In our study, the use of ICI showed no significant differences concerning OS and PFS among age groups across various cancer types. These findings align with a retrospective study of 410 adult patients with different tumor types (lung, melanoma, and genitourinary), where age did not significantly impact OS or PFS outcomes among those treated with a single-agent ICI. Similarly, irAEs showed no statistically significant disparity between older (≥65 years) and younger patients [
31,
36]. Notably, a significant difference was observed in the response to treatment among renal cancer patients (
p = 0.041), suggesting a potential negative impact of age on the treatment response. However, this finding contrasts with existing evidence that indicates no distinct outcomes based on age and could probably be explained by the limited number of patients analyzed [
31]. When assessing patients who presented with irAEs, the management of elderly patients showed a marginal association (
p = 0.059) with oral corticosteroid therapy (34.0%), as opposed to the younger group (16.7%). This could be explained by the fact that elderly individuals often have more comorbidities, necessitating a more cautious approach to toxicity management.

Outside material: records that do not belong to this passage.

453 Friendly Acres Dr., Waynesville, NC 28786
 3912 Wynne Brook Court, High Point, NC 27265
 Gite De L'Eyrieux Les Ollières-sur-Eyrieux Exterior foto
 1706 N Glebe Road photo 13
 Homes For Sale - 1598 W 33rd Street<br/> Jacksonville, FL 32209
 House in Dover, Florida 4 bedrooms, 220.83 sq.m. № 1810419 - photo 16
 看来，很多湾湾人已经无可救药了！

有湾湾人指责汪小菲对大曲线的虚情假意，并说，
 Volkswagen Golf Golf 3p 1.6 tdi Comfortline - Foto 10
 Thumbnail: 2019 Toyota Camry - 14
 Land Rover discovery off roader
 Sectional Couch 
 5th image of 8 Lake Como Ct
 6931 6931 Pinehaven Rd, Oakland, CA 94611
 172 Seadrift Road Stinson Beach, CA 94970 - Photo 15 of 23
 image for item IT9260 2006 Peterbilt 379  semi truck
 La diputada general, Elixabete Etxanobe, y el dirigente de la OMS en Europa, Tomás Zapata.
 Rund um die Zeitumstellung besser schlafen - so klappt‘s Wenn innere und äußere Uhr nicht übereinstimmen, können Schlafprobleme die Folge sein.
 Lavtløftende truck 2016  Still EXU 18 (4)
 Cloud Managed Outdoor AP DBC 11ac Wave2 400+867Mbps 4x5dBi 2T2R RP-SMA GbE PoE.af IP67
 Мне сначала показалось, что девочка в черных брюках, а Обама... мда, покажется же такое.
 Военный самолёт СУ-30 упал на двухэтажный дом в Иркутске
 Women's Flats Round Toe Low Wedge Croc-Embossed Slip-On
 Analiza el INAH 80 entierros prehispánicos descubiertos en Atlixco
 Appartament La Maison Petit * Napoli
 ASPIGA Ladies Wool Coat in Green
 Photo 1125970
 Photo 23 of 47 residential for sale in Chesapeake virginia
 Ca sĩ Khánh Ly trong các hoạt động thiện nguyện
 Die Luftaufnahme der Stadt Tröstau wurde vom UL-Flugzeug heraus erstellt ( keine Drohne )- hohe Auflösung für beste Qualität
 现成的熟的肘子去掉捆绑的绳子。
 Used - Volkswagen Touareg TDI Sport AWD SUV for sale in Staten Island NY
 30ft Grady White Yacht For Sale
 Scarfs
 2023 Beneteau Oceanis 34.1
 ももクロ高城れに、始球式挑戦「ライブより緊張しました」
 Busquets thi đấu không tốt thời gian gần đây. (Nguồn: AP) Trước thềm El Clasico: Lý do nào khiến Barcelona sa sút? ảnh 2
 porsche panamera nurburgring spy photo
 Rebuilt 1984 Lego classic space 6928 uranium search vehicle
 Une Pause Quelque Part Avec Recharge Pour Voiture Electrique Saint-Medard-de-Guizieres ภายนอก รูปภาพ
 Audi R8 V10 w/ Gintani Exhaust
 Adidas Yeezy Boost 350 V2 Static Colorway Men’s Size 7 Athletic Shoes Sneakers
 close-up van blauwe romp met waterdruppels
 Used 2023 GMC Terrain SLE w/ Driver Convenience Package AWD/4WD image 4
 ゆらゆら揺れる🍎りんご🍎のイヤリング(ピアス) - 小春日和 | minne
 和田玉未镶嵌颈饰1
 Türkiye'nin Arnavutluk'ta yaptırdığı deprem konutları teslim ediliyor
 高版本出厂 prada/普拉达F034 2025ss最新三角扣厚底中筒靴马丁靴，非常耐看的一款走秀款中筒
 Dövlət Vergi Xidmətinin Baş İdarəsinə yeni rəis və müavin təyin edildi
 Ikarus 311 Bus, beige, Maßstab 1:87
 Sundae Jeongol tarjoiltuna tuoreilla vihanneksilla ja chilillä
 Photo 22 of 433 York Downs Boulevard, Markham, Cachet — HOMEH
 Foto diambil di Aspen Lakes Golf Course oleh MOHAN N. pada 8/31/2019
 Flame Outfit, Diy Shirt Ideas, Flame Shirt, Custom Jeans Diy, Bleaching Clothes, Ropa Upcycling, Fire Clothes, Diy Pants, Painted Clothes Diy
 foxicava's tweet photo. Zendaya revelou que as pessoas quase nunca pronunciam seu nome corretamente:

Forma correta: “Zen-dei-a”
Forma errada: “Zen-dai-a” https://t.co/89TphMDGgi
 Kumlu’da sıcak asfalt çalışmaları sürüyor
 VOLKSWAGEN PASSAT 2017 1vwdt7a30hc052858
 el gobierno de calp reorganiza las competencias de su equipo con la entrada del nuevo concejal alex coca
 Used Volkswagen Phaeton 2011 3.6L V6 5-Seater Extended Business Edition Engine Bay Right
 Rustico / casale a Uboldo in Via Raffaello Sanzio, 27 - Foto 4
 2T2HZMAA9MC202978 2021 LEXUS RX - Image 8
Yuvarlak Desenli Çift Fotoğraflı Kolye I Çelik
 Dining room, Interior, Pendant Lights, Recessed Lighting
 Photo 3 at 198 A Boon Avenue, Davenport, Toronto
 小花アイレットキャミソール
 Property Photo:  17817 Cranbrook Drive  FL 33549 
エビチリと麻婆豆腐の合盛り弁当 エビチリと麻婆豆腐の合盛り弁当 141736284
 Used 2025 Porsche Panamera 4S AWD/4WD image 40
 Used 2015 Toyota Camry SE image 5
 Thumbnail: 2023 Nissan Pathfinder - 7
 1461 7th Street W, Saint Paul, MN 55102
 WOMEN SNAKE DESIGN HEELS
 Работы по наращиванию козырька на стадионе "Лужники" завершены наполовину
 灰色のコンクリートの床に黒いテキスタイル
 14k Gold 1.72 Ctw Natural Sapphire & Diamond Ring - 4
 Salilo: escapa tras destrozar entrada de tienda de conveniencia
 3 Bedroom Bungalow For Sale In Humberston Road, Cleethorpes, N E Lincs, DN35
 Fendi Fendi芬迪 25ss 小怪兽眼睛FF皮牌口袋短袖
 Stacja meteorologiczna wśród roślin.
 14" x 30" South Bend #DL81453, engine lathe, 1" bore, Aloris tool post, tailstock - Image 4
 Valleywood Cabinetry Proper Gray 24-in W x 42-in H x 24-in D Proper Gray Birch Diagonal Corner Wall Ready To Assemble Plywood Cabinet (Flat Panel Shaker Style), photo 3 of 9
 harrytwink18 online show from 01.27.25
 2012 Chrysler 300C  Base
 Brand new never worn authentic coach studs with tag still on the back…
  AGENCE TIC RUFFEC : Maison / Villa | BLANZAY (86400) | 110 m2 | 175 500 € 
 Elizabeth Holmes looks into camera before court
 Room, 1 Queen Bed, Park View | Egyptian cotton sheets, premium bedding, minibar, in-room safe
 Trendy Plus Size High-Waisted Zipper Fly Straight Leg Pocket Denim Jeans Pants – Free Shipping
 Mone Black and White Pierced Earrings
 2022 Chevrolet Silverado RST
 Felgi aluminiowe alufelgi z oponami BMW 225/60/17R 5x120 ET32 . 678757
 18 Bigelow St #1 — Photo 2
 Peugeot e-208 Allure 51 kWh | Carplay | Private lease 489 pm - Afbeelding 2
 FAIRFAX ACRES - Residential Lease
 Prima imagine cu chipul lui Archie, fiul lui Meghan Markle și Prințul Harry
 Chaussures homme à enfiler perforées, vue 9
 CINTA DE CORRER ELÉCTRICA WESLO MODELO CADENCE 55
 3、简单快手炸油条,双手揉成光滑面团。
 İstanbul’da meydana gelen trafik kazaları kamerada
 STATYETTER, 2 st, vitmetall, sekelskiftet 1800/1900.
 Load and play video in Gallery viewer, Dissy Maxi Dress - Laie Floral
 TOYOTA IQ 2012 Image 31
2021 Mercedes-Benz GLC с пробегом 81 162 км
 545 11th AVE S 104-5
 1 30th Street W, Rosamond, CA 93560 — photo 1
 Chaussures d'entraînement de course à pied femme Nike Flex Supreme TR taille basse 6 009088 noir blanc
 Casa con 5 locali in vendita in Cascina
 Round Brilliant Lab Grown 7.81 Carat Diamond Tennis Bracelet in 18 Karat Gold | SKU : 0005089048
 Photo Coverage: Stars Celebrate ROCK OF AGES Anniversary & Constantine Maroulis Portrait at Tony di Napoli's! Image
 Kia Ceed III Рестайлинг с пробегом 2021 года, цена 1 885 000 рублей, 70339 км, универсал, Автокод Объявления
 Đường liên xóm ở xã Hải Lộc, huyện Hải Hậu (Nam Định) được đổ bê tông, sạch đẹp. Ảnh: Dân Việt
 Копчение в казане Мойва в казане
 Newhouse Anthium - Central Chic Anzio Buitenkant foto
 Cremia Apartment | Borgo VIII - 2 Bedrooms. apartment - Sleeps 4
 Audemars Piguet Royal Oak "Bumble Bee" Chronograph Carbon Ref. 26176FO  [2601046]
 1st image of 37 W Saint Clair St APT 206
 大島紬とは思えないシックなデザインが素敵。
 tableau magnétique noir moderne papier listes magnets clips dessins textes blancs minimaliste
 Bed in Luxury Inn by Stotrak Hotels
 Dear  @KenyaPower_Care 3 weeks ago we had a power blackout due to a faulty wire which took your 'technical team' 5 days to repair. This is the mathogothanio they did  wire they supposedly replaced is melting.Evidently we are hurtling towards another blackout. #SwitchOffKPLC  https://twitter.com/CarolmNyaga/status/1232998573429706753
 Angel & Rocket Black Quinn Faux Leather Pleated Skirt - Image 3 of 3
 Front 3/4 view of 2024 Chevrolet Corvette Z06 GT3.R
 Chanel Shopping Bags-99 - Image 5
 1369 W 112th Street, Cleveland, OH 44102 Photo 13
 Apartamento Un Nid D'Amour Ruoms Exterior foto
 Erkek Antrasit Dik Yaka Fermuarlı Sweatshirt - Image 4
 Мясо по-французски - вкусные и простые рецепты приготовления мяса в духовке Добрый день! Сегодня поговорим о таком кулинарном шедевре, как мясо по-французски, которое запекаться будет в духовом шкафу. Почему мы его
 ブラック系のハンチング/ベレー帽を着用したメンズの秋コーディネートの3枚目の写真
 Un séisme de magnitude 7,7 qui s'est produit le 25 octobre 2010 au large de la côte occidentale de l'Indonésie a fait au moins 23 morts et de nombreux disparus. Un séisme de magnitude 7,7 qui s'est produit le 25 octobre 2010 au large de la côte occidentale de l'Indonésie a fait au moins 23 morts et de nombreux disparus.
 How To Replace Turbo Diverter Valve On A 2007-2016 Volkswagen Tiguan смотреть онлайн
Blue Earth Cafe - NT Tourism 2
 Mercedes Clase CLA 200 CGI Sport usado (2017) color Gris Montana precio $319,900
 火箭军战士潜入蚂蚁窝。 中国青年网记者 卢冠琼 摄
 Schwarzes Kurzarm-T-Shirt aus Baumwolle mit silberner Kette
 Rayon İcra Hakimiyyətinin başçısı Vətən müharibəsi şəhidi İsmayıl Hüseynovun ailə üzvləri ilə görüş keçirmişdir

When focusing solely on NSCLC, our study revealed a strong association between the development of irAEs, patients’ PFS and OS, and the duration of ICI treatment, but not directly correlated with age. While several studies have reported the tolerability and efficacy of ICI in NSCLC patients aged ≥ 65, uncertainties persist regarding patients over 75. The scarcity of older patients participating in ICI-related trials, coupled with the increasing prevalence of individuals aged 70 years or older, emphasizes the urgent need for treatment personalization [
31]. This calls for a shift toward implementing geriatric assessments rather than solely relying on chronological age for treatment decisions and inclusion criteria in clinical trials.
These observations underscore the need for further investigation to comprehensively understand immune response mechanisms in elderly patients and to identify predictive biomarkers for older adults with cancer [
37,
38]. Nevertheless, this study has limitations, including its retrospective nature, leading to potential information bias, wide population heterogeneity, and that many patients were primarily treated with anti-PD1 drugs, limiting generalizability to other ICI agents, such as anti-PD-L1 or anti-CTLA-4 agents. Interpretation of the weighted average outcomes should consider these limitations accordingly.
5. Conclusions
The transformative impact of immune checkpoint inhibitors on the treatment paradigms for advanced melanoma, NSCLC, bladder, and renal cancer is indisputable.
Age did not affect the efficacy and toxicity of treatment with immunotherapy, suggesting that anticancer immunity remains uncompromised in elderly patients.
The limitations of relying solely on chronological age as a determinant for treatment decisions in the elderly become apparent when considering the heterogeneous nature of this population. Beyond chronological age, our study highlighted the diverse range of molecular and immune alterations present in elderly patients, underscoring the necessity for a more individualized approach to treatment decisions. Recognizing the unmet need to incorporate comprehensive geriatric assessments into daily practice, further prospective studies with a focus on geriatric assessment are warranted to optimize therapeutic strategies in this prevalent and heterogeneous population.